Your task: Could you give the entries back exactly as they stand, minus any pictures?

[Data entries]
┄┄┄┄┄┄┄┄┄┄

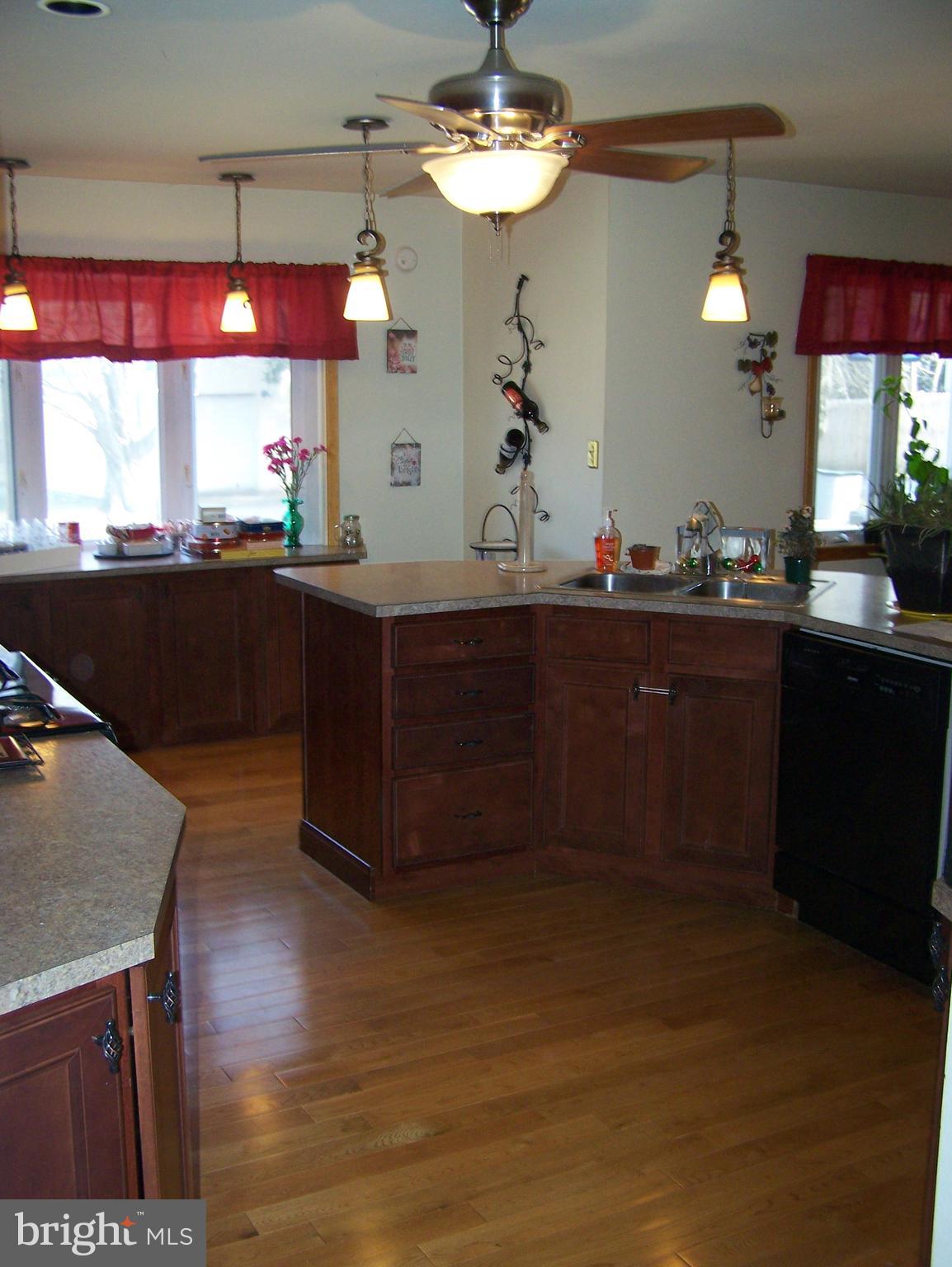 215 Windsor Road Robbinsville, NJ 08691 - Photo 6 of 34 a kitchen with a sink cabinets and wooden floor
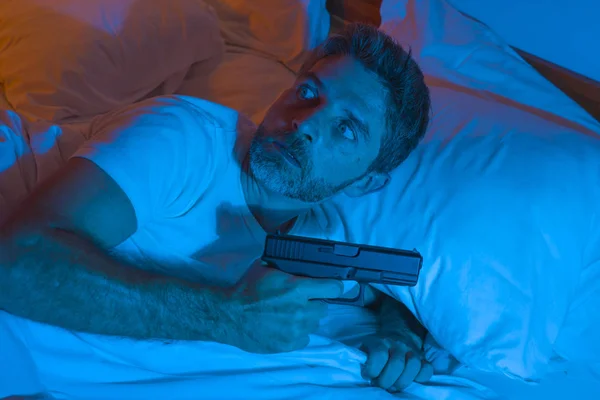 Noční nervózní portrét mladého stresujícího a paranoidního Američana ležícího na posteli a neschopného usnout s pistolí v ruce a rozhlížejícího se vyděšeným pocitem hrozící paranoie — Stock fotografie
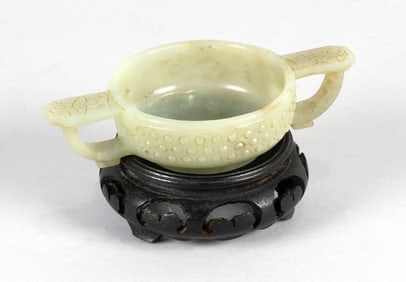 CHINESE ARCHAIC JADE TWO-HANDLED CUP Height 1". Width across handles 5". With wood stand.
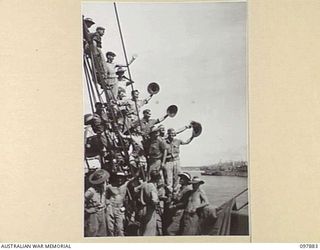 OFF BORAM BEACH, NEW GUINEA. 1945-10-13. THE FIRST BATCH OF TROOPS TO LEAVE THE WEWAK AREA UNDER THE PRIORITY DEMOBILISATION SCHEME WERE MEMBERS OF 6 DIVISION. SHOWN, TROOPS ALREADY EMBARKED ON ..
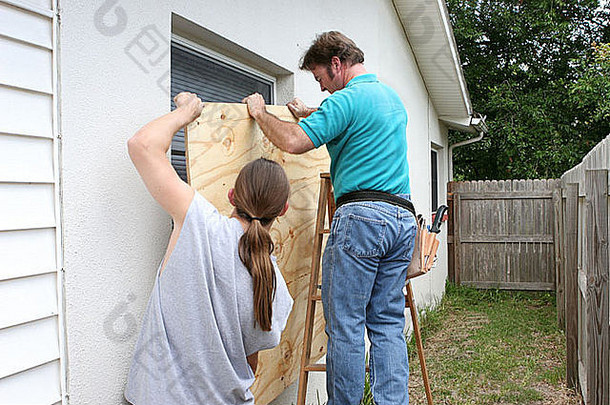 父亲儿子工作安装胶合板窗户准备飓风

┄┄┄┄┄┄┄┄┄┄

Expected answer:
 215 Windsor Road Robbinsville, NJ 08691 - Photo 6 of 34 a kitchen with a sink cabinets and wooden floor
 Noční nervózní portrét mladého stresujícího a paranoidního Američana ležícího na posteli a neschopného usnout s pistolí v ruce a rozhlížejícího se vyděšeným pocitem hrozící paranoie — Stock fotografie
 CHINESE ARCHAIC JADE TWO-HANDLED CUP Height 1". Width across handles 5". With wood stand.
 OFF BORAM BEACH, NEW GUINEA. 1945-10-13. THE FIRST BATCH OF TROOPS TO LEAVE THE WEWAK AREA UNDER THE PRIORITY DEMOBILISATION SCHEME WERE MEMBERS OF 6 DIVISION. SHOWN, TROOPS ALREADY EMBARKED ON ..
 父亲儿子工作安装胶合板窗户准备飓风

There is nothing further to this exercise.